Référence : 2003 CAF 484

CORAM :       LE JUGE ROTHSTEIN

LE JUGE NOËL

LE JUGE MALONE

ENTRE :

LE CHEF PERCY WILLIAMS EN SON PROPRE NOM ET AU NOM DE TOUS LES AUTRES MEMBRES DES TRIBUS KWICKSUTAINEUK/AH-KWA-MISH

                                                                                                                                                          appelant

                                                                                   et

         LE MINISTRE DES PÊCHES ET DES OCÉANS ET HERITAGE SALMON LIMITED

                                                                                                                                                            intimés

                                  Audience tenue à Edmonton (Alberta), le 18 décembre 2003

                        Jugement rendu à l'audience à Edmonton (Alberta), le 18 décembre 2003

MOTIFS DU JUGEMENT :                                                                                       LE JUGE NOËL

Y ONT SOUSCRIT :                                                                                       LE JUGE ROTHSTEIN

                                                                                                                                  LE JUGE MALONE


Date : 20031218

Dossier : A-82-03

Référence : 2003 CAF 484

CORAM :       LE JUGE ROTHSTEIN

LE JUGE NOËL

LE JUGE MALONE

ENTRE :

LE CHEF PERCY WILLIAMS EN SON PROPRE NOM ET AU NOM DE TOUS LES AUTRES MEMBRES DES TRIBUS KWICKSUTAINEUK/AH-KWA-MISH

                                                                                                                                                          appelant

                                                                                   et

         LE MINISTRE DES PÊCHES ET DES OCÉANS ET HERITAGE SALMON LIMITED

                                                                                                                                                            intimés

                                                           MOTIFS DU JUGEMENT

                          (Prononcés à l'audience à Edmonton (Alberta), le 18 décembre 2003)

LE JUGE NOËL

[1]                 Il s'agit d'un appel de la décision du juge Rouleau ([2003] A.C.F. no 98), dans laquelle celui-ci a rejeté la demande de contrôle judiciaire présentée par l'appelant, le chef Percy Williams, pour le motif que ce dernier ainsi que les autres membres des tribus qu'il représente n'avaient pas qualité pour agir.                                  

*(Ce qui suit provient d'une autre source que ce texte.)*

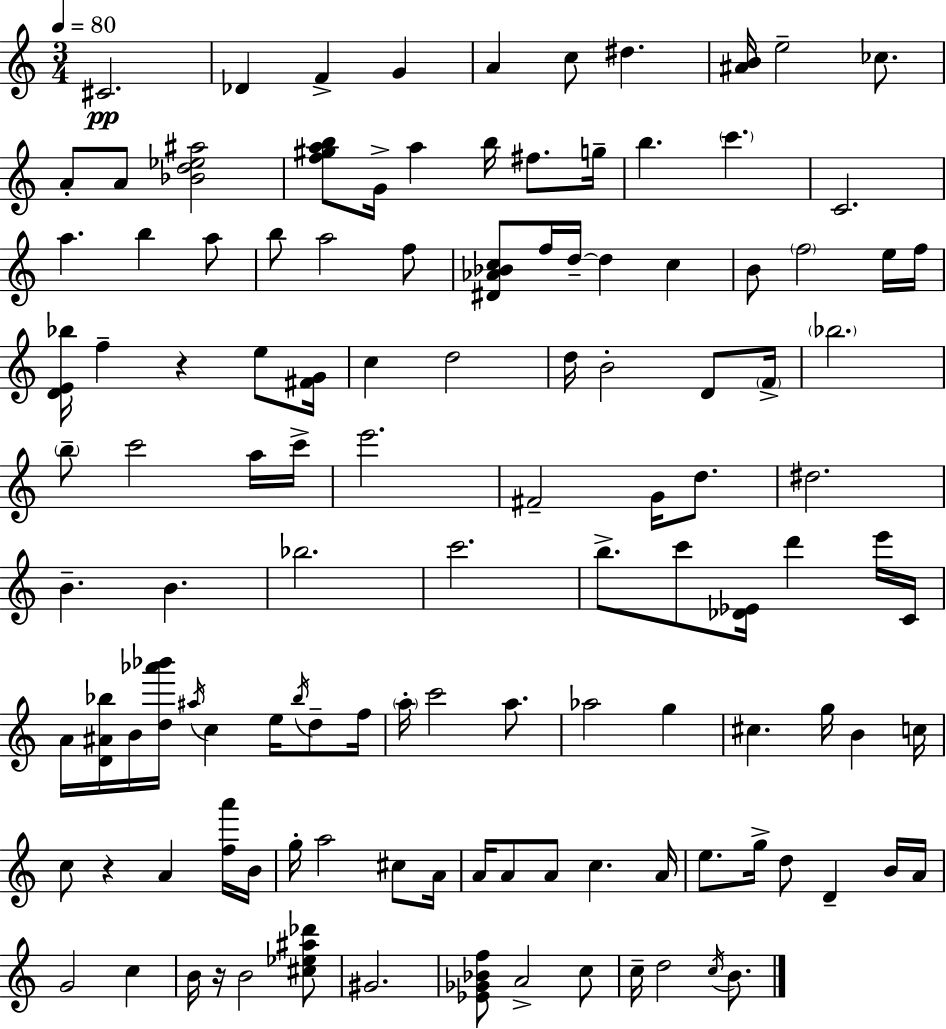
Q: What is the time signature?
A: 3/4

[2]                 La demande de contrôle judiciaire visait la décision de l'intimé, le ministre des Pêches et des Océans (le ministre), de délivrer un permis de contrôle des mammifères marins prédateurs (le permis) à la société Heritage Salmon Limited (Heritage) en application de la Loi sur les pêches, L.R.C. 1985, ch. F-14 (la Loi). Le permis autorisait Heritage à tuer, à l'aide d'armes à feu, des phoques dans le but de protéger son centre d'aquiculture de Burdwood Island. À la suite d'une audience en bonne et due forme concernant la question de la qualité pour agir et la question de fond qui avait été soulevée relativement à la demande de contrôle judiciaire, le juge Rouleau a conclu que l'appelant n'était pas directement touché par la décision du ministre et qu'il n'avait pas non plus qualité pour présenter la demande de contrôle judiciaire dans l'intérêt public.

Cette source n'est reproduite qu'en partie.